Julie Lofstad beats Richard Yastrzemski in Southampton Town Council race

By: 
Will James
Publication: 
Newsday
Jan
27
2016

Democrat Julie Lofstad defeated Republican Richard Yastrzemski in a Southampton Town special election Tuesday.
With all 42 electoral districts counted, Lofstad had 2,771 votes to Yastrzemski’s 1,721, according to preliminary results from the Suffolk County Board of Elections.
Lofstad will serve the two years left in the unfinished term of ex-Councilman Bradley Bender, who pleaded guilty to selling oxycodone pills and resigned Nov. 24.
Her victory means a Democratic-Independence alliance will continue to control the South Fork town, where the GOP dominated politics for decades until 2013.
Lofstad also had the backing of the Independence and Conservative parties in the special election. Yastrzemski had only the Republican line.

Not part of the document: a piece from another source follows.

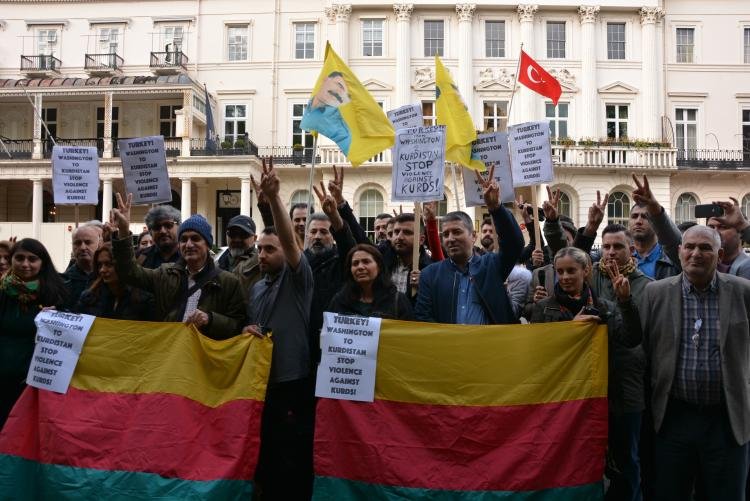 Washington’daki Koruma Terörü, TC Londra Büyükelçiliği Önünde Kınandı Washington’daki Koruma Terörü, TC Londra Büyükelçiliği Önünde Kınandı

“We knew going in we had an uphill battle, but me and my team, we worked hard,” Yastrzemski said Tuesday night. “I thought it was two respectful races. She’s a good person and she’s got her work cut out for her.”
Both Lofstad and Yastrzemski competed less than three months ago in the Nov. 3 general election.
Yastrzemski, a Southampton Village trustee, was the GOP candidate for town supervisor last year but lost to Independence Party member Jay Schneiderman.
Lofstad, a community activist from Hampton Bays, fell 115 votes short of winning a town board seat in a four-way race.
Democratic-leaning officials have had a three-person majority on the Southampton Town Board since 2013, when victories by former Supervisor Anna Throne-Holst, Democrat Bridget Fleming and Bender broke years of rule by Republicans and Conservatives.

Throne-Holst, an Independence Party member, left office at the end of 2015 to seek the Democratic nomination for Congress. Fleming was elected to the Suffolk legislature in November.

Schneiderman, the new supervisor, is an Independence Party member and former Suffolk legislator who ran alongside Democrats in November.
Also on the town board is Democrat John Bouvier and Republicans Christine Scalera and Stan Glinka.
During the campaigns in the fall and this winter, Lofstad stressed the importance of water quality, while Yastrzemski touted his management experience as a member of the Southampton Village Board since 2008.